- PROVIDED RECORDS -
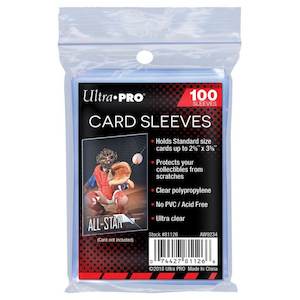 Tcg Accessories: Ultra Pro 2-1/2" x 3-1/2" Soft Card Sleeves - 100 Pack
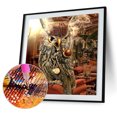 thumbnail image 1 of Cuadros Decorativos Pintura al óleo acrílica por números búho en arte de gato imagen Digital decoración de pared del hogar Tmvgtek embutido en tela, 1 of 9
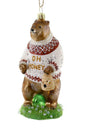 Oh Honey Bear Glass Christmas Ornament by Cody Foster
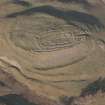 Oblique aerial view of Castle Law fort, looking NNE.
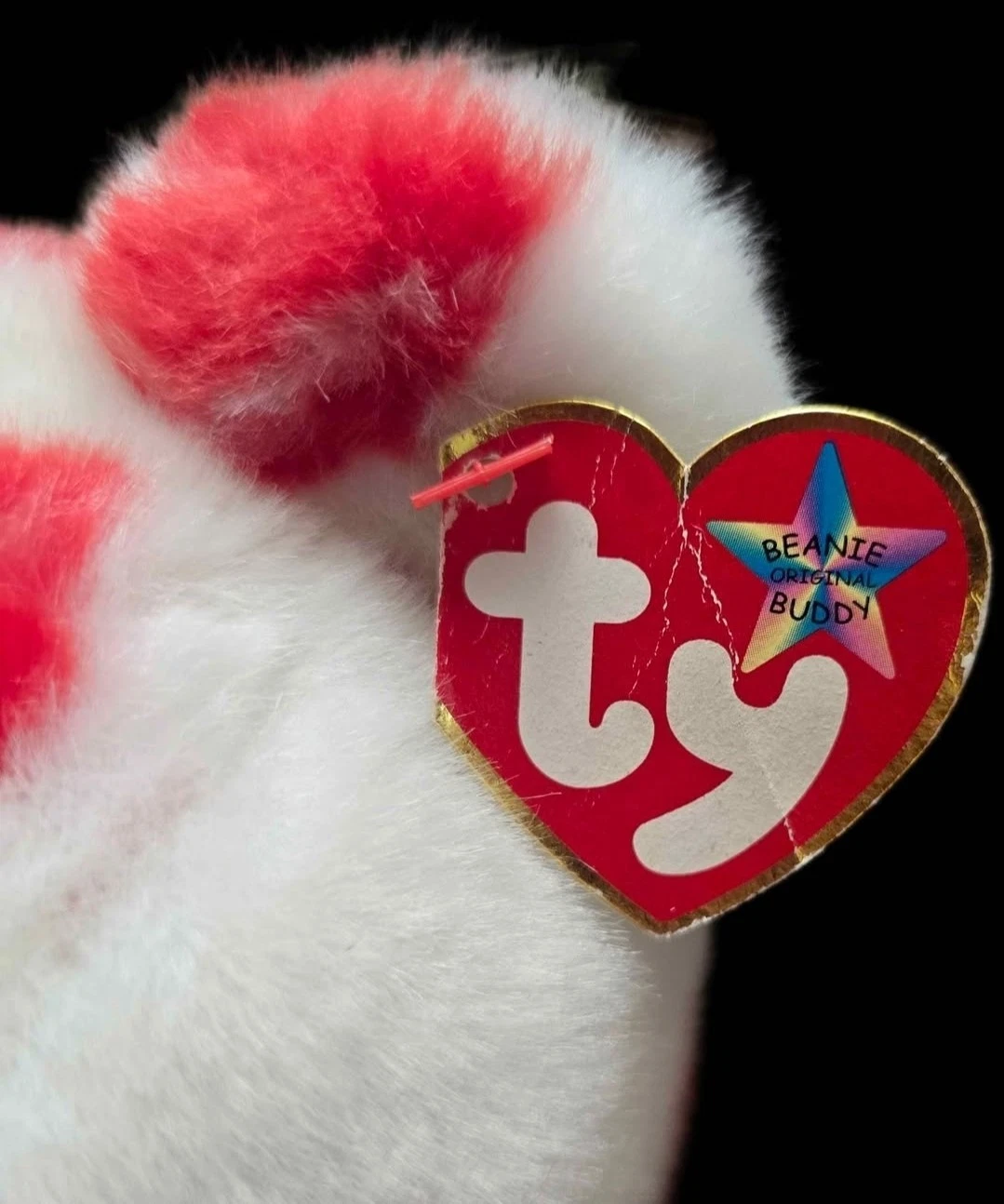 1999 Ty Beanie Buddy Smooch the Kisses Bear 14" Large Plush WTAG - photo 3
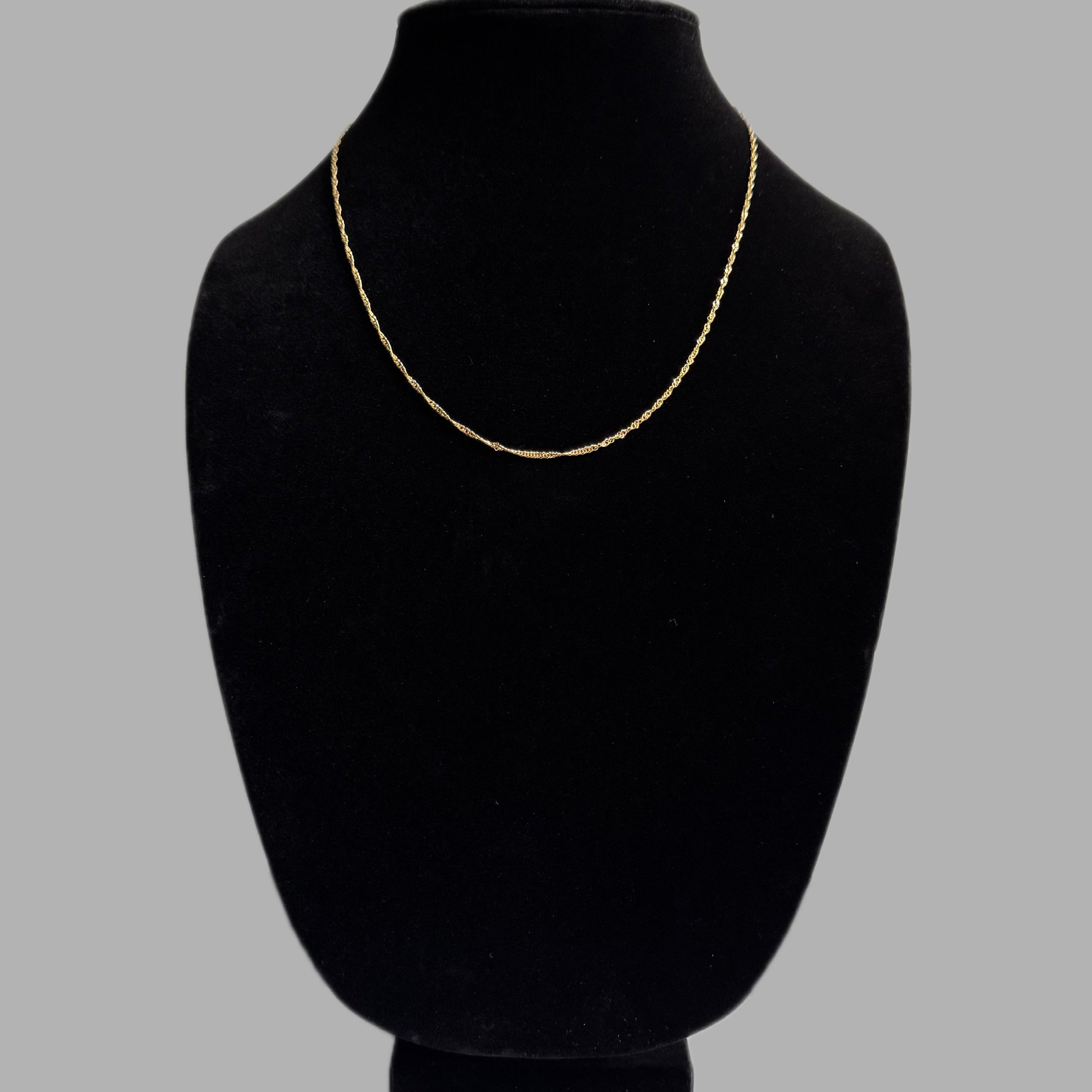 10K Yellow Gold Diamond-Cut Herringbone Chain 20" 1.2MM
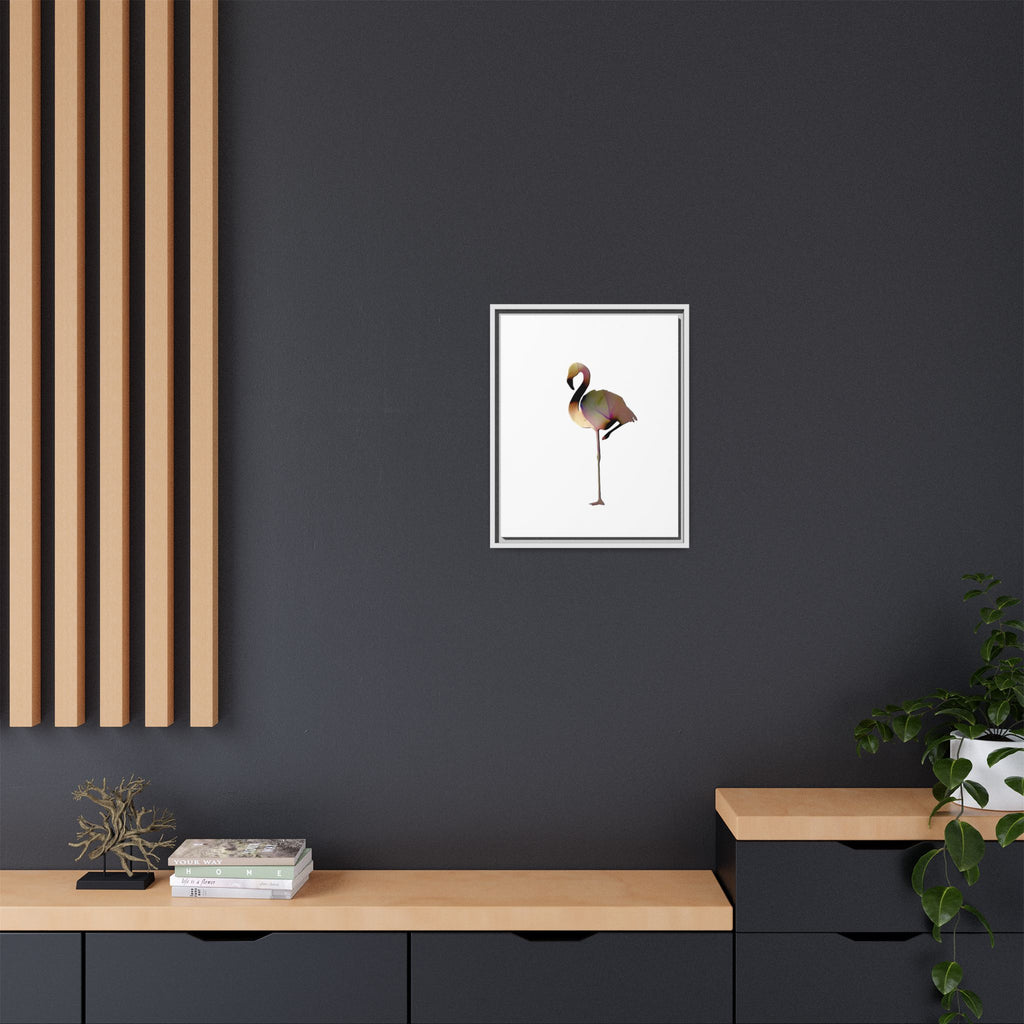 Flamingo 1, Matte Canvas, Framed (Multi-color)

- GOAL OF THE EXERCISE -
Leave out the pictures, and write out exactly the lines from the line containing "10K Yellow Gold" through the end of the records above.

- EXPECTED ANSWER -
 10K Yellow Gold Diamond-Cut Herringbone Chain 20" 1.2MM
 Flamingo 1, Matte Canvas, Framed (Multi-color)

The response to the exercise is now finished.